Leben und Werk des Revolutionsdichters Oskar Kanehl

Von Horst Blume


Der Amtsgerichtsrat des Berliner Schöffengerichts, der den Theaterregisseur Oskar Kanehl (1888 - 1929) wegen seiner aufrührerischen Verse Anfang der 1920er Jahre abgeurteilt hatte, war empört. Diese freche Hetze gegen Obrigkeit, Kapital und Militär sollte etwas mit Kunst zu tun haben? Seiner Meinung nach müsste sich bei Gedichten schön unpolitisch Herz auf Schmerz reimen.

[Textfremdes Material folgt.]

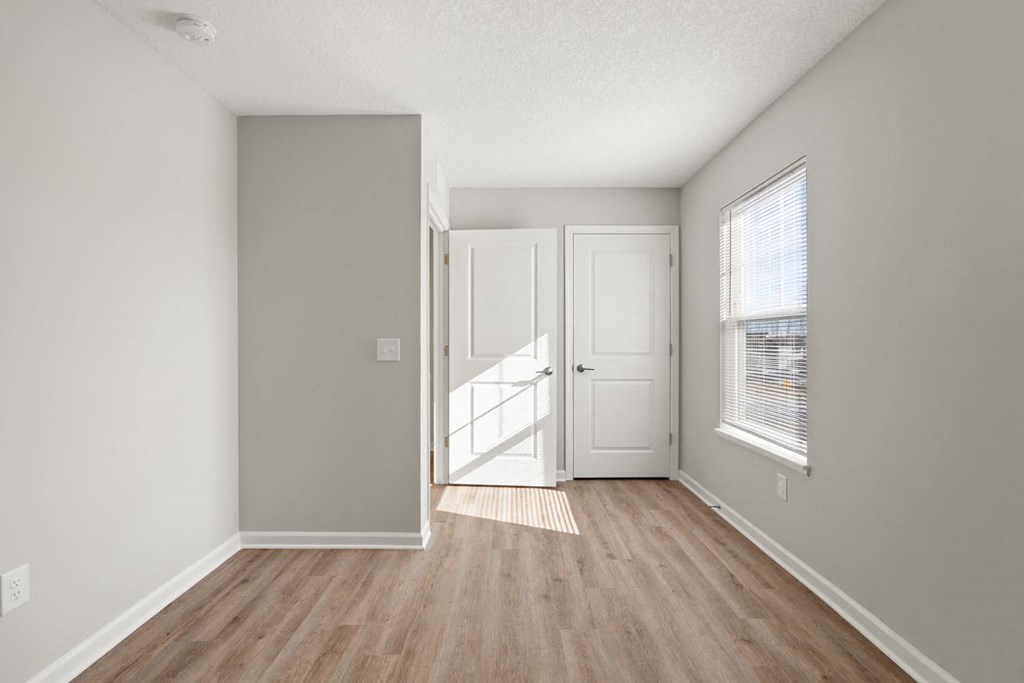 A room with a white door and a window with blinds.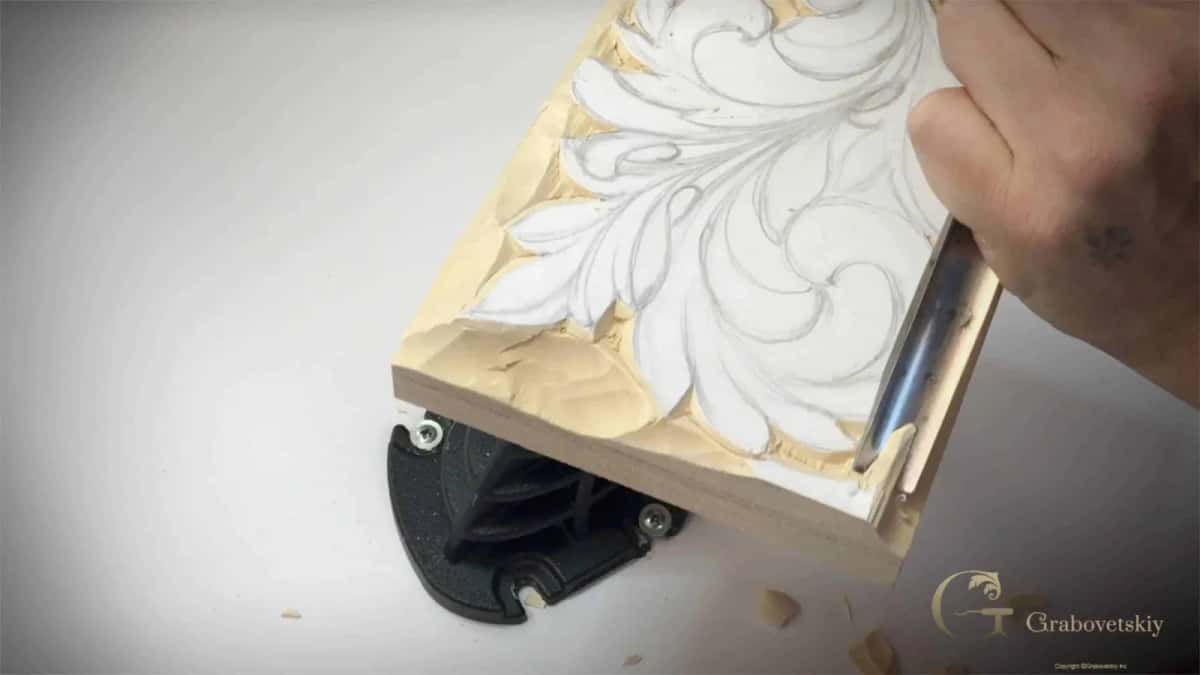 Setting in an acanthus outline with a carving knife Knife riding the drawn outline of a Greek acanthus leaf, worked toward me
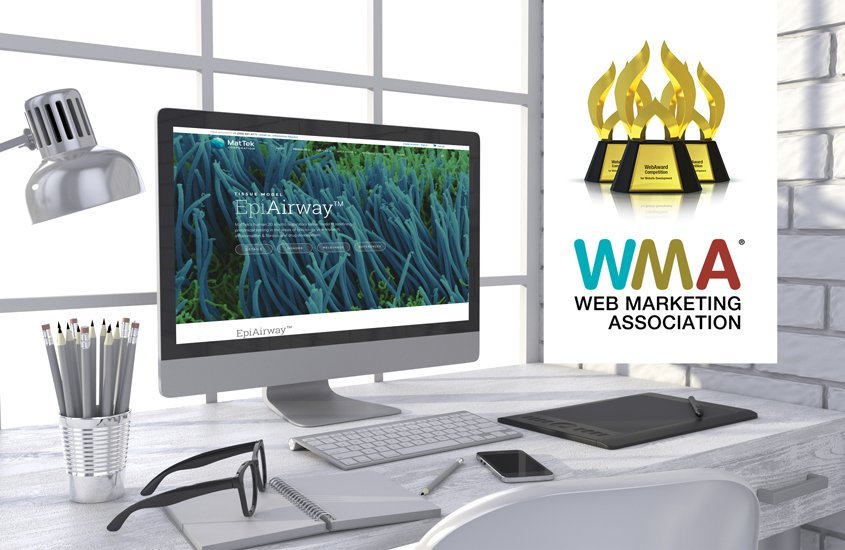 Photo of a desktop computer with the Mattek website and the WMA awards and logo.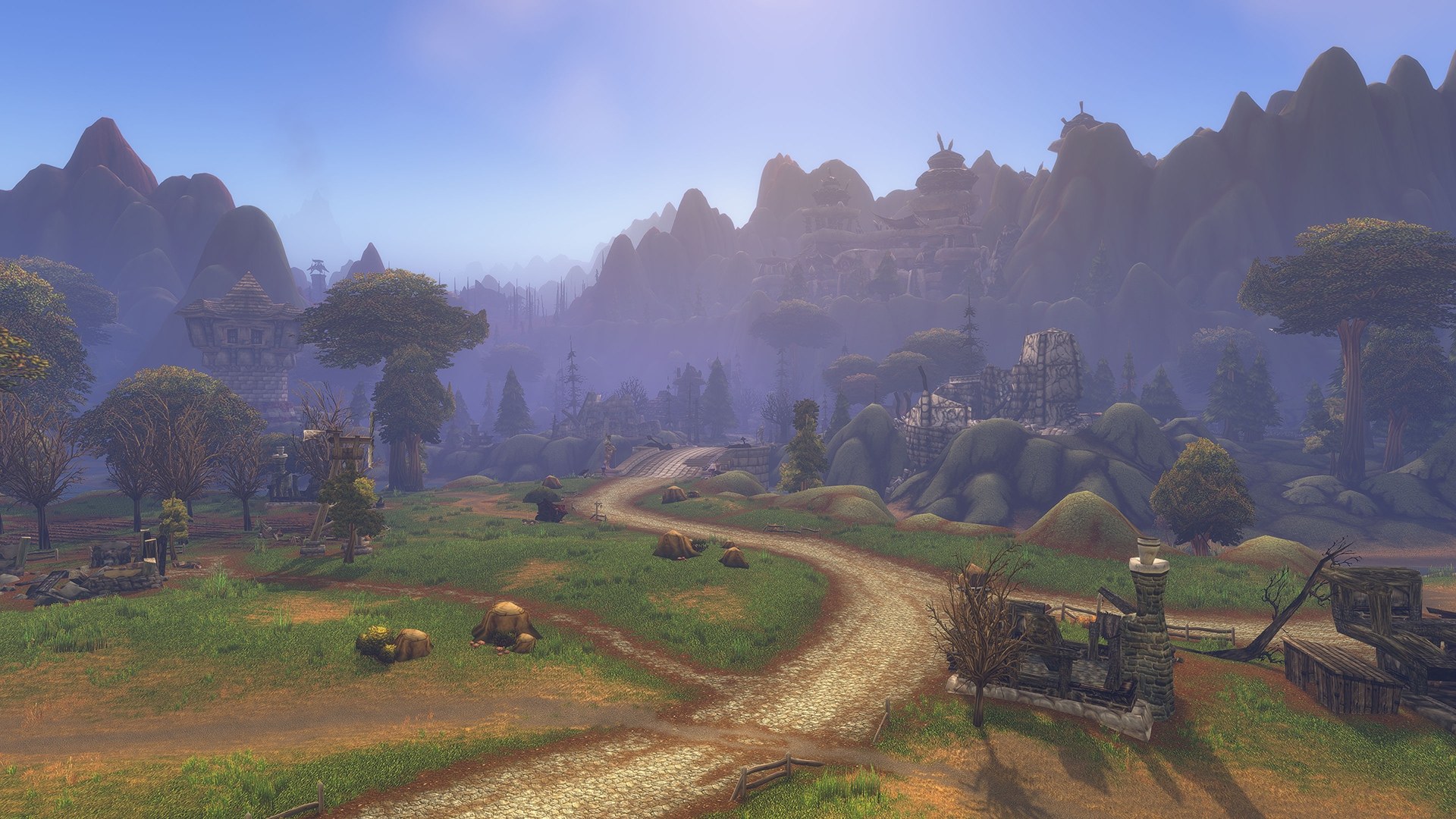 A road winds between ruined buildings, trees, and distant mountains in World of Warcraft Forever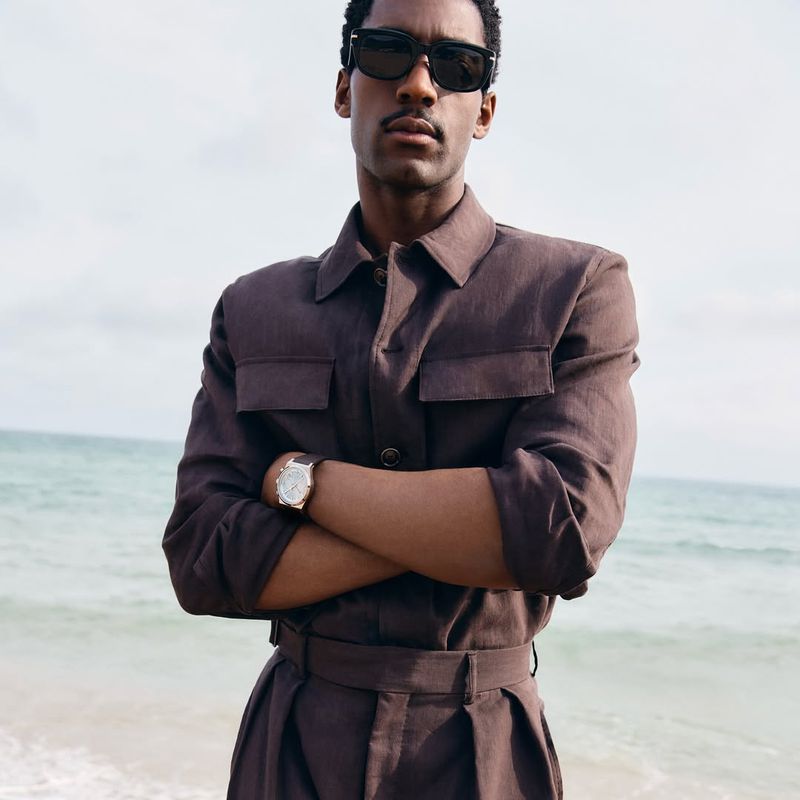 Dark-skinned adult male with a mustache poses with arms crossed on a beach while wearing sunglasses and a brown linen collared jumpsuit.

Kanehl gehörte nach dem Ersten Weltkrieg zu den bekanntesten Antikriegsdichtern mit offensiv antikapitalistischer Ausrichtung. Wolfgang Haug hat bereits 1979 und 1981 Kanehls Gedichtband "Straße frei" im Trotzdem Verlag veröffentlicht. Jetzt hat der ehemalige "Schwarzer Faden"-Redakteur einen Großteil von Kanehls Gedichten und Artikeln aus verschiedenen Zeitschriften zusammengetragen und darüberhinaus Würdigungen von Kanehls WegbegleiterInnen hinzugefügt. Eingeleitet wird das alles durch ein 80seitiges "Vorwort" von Haug, in dem er das Wirken des Dichters historisch, politisch und literarisch einordnet.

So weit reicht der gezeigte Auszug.